El riesgo de recidiva
Un agitador al mando
Los dos años que van desde la aplicación del 155 a la sentencia del Supremo muestran la dificultad de gestionar el día después de esa “ensoñación” colectiva que, según el tribunal, fue el procés. Los independentistas decepcionados eran miles, y muchos no estaban dispuestos a renunciar a aquello por lo que llevaban años trabajando. Las elecciones de diciembre de 2017, convocadas por Rajoy, habían arrojado la victoria histórica de un partido creado expresamente para combatir al nacionalismo catalán, Ciudadanos, pero la mayoría parlamentaria siguió en manos del independentismo, que invistió en 2018 a un presidente con una larga trayectoria de escritos supremacistas y antiespañoles: Quim Torra. Un convencido que declaró su pleitesía al fugado Puigdemont y prometió no aflojar en el plan separatista. Su desafío se ciñó al ámbito de la retórica y la apropiación partidista de las instituciones —el espacio público fue inundado con el símbolo independentista del lazo amarillo—, y a la postre le costaría la inhabilitación por desobediencia.
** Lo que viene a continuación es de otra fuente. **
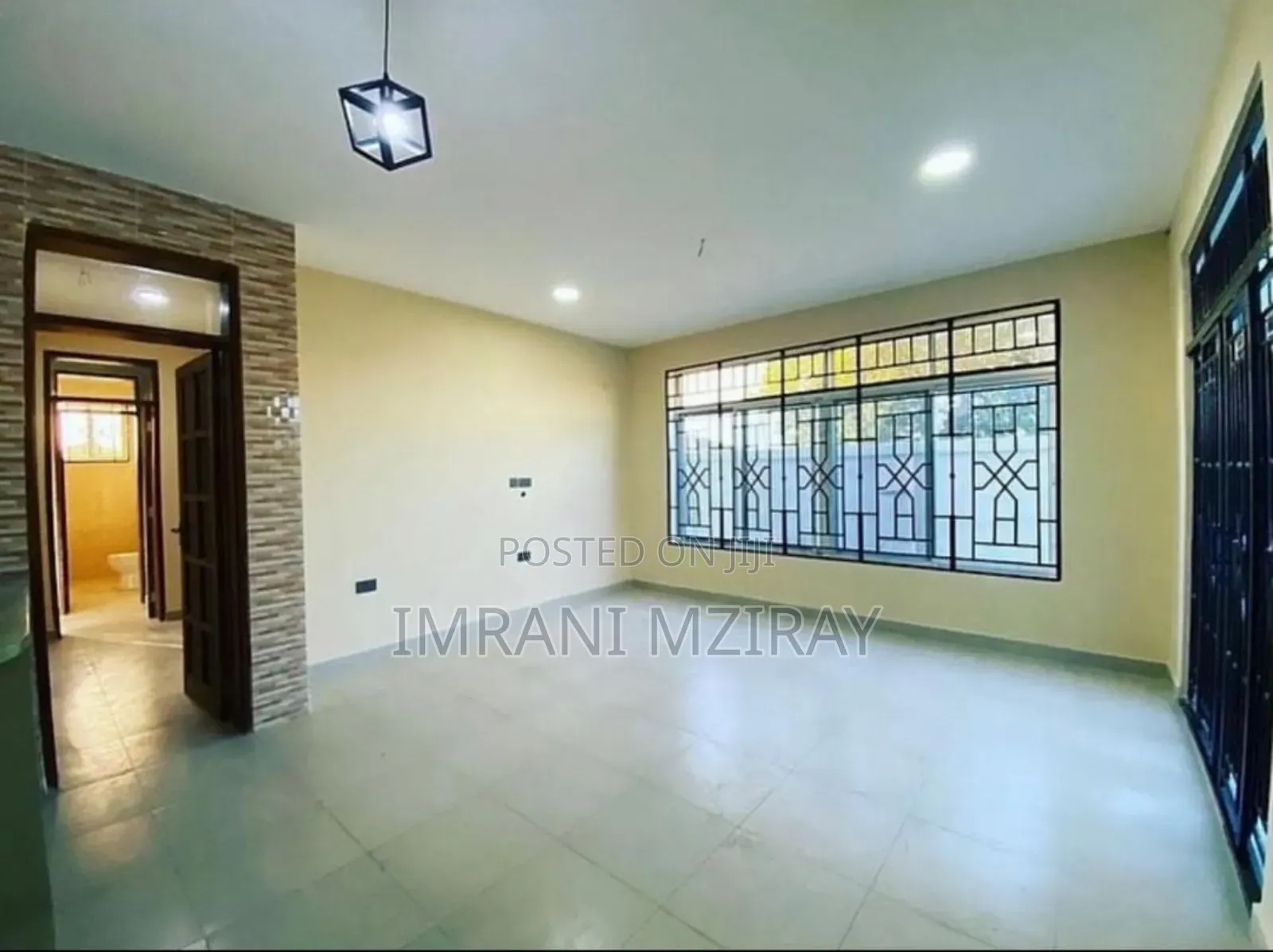 Godawn_yard From 500 1000 And 8000sqmtplus in Chagongwe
Pero la retórica de Torra tuvo otras consecuencias. La furia de un sector del independentismo, organizada en torno a los comités de defensa de la república (CDR) que habían sido alentados por el president (“apretáis, y hacéis bien en apretar”), degeneró en 2018 en un intento de asalto al Parlament, repelido por los Mossos. Ese fue el primer aviso: la amenaza de recidiva estaba ahí, latente. La constatación llegaría en octubre de 2019, tras la sentencia del Supremo, cuando las calles de Barcelona se incendiaron con violentos disturbios que duraron una semana y pusieron en jaque al Gobierno de Pedro Sánchez.
El Estado pasa página
Indultos y mesa de diálogo
El procés, entendido como una operación de desmontaje del edificio constitucional por parte de las instituciones de Cataluña, murió cuando pasó del ámbito político al de las consecuencias: el penal. Pero el pulso permanente al Estado, ahora de baja intensidad y con los partidos independentistas enfrentados entre sí, continúa vivo. “Gracias a lo que hicimos”, resumió Junqueras en una entrevista a EL PAÍS en enero de 2020, “nos hemos ganado el derecho a repetirlo”. A Torra lo sustituyó Pere Aragonès, que encarna la actual apuesta pragmatica de su partido, ERC: la vía rupturista no se descarta para un futuro sin fecha, pero en el presente se aboga por un indefinido “diálogo con el Estado”. Un camino compartido por el Gobierno de PSOE y Unidas Podemos, que en 2021 indultó a los nueve presos del procés “por utilidad pública” y creó una mesa de diálogo sobre el “conflicto político” catalán, sin definirlo tampoco. ERC es un aliado parlamentario imprescindible. La mesa avanza a trompicones y, en paralelo, el Govern mantiene su desafío, a veces retórico, a veces no. La negativa a aplicar las sentencias que obligan a impartir un mínimo de asignaturas en castellano en las escuelas —negativa aceptada en la práctica por el Ejecutivo central— es el último episodio. Diez años después, el órdago de Artur Mas es historia, pero sigue agazapado en los discursos oficiales.